Bynion’s Opinion: Not all AP classes are created equal

Copy Editor Taylor Bynion often finds herself wishing there was a way to overcome life’s daily inconveniences, struggles, and challenges. This column gives her a space to share her feelings on everything from minor annoyances to more prominent issues, and hopefully make some positive changes along the way.


Awfully Painful. That’s what I think AP should stand for.

I love challenging myself by taking higher-level classes, and I love English. Naturally, taking AP English seemed like a great decision when it was time to make my junior year class schedule. Luckily, I was right. I like my teacher, and she has made me love writing even more than I previously did.

My experience, however, is not the same as everyone else’s. I know many people taking an AP class who feel like they aren’t challenged enough, while others are so swamped with work, they can’t even think straight. There doesn’t seem to be any consistent expectation for time and workload among the AP classes, and it often depends not on the course, but on which teacher you get.

Most people take an AP class to help them prepare for college. The general hope is that the credits accumulated from AP courses will transfer to the college of your choice. Ideally, you would not have to take as many college classes and might be able to graduate early.

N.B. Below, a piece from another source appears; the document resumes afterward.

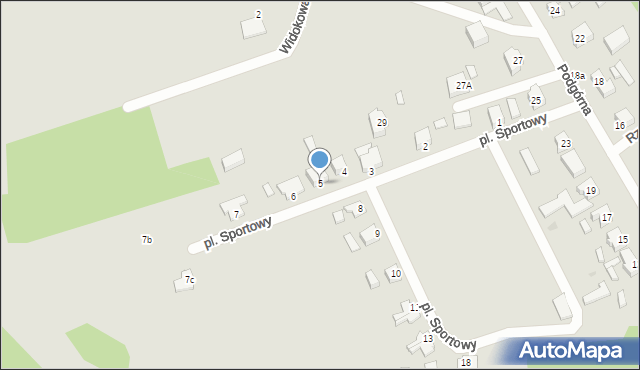 Drezdenko, Plac Sportowy, 5, mapa Drezdenko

This, however, is not a reality for most students. Colleges often require that classes related to your major be taken at the college. This means that AP credits in the subject area of your major wouldn’t transfer. Also, other colleges require a certain number of credits be taken at their institution, and AP credits might not be accepted. So, for an AP class that requires a lot of effort, time, and of course studying, is it really worth it?

I think it is worth it, but there should be more guidelines to standardize the workload given in AP classes. The expectations should be consistent among the sections for each subject, even if there are different teachers for that subject. Each AP section should receive the same amount of homework, classwork, and assignments, regardless of subject, so that workload is also consistent. This would ensure that students challenging themselves with AP classes are doing the same amount of work as those in other AP sections and classes.

If the AP classes are made uniform by subject, then all students will learn the same material at the same time. This would eliminate discrepancies between sections of the same level class. Students in one AP class shouldn’t be overwhelmed, while students in another section, just down the hall, enjoy a more stress-free class with a lighter workload.

Even if there are not multiple sections of the same AP class, I still think that the amount of work assigned and the time expectations should be the same across all subjects. The goal of all AP classes is to challenge and prepare students for college, and I think they should do exactly that, by requiring the same amount of work.

Overall, AP classes help students prepare for the work ahead of them in college. If you’re lucky enough for your AP classes to transfer to college credits, it may mean fewer classes in your future college career. With this being said, however, students should not have unhealthy levels of stress because they are taking AP courses. Making all AP courses equal in work and time commitment will help students understand what is expected of them when they register for an AP class.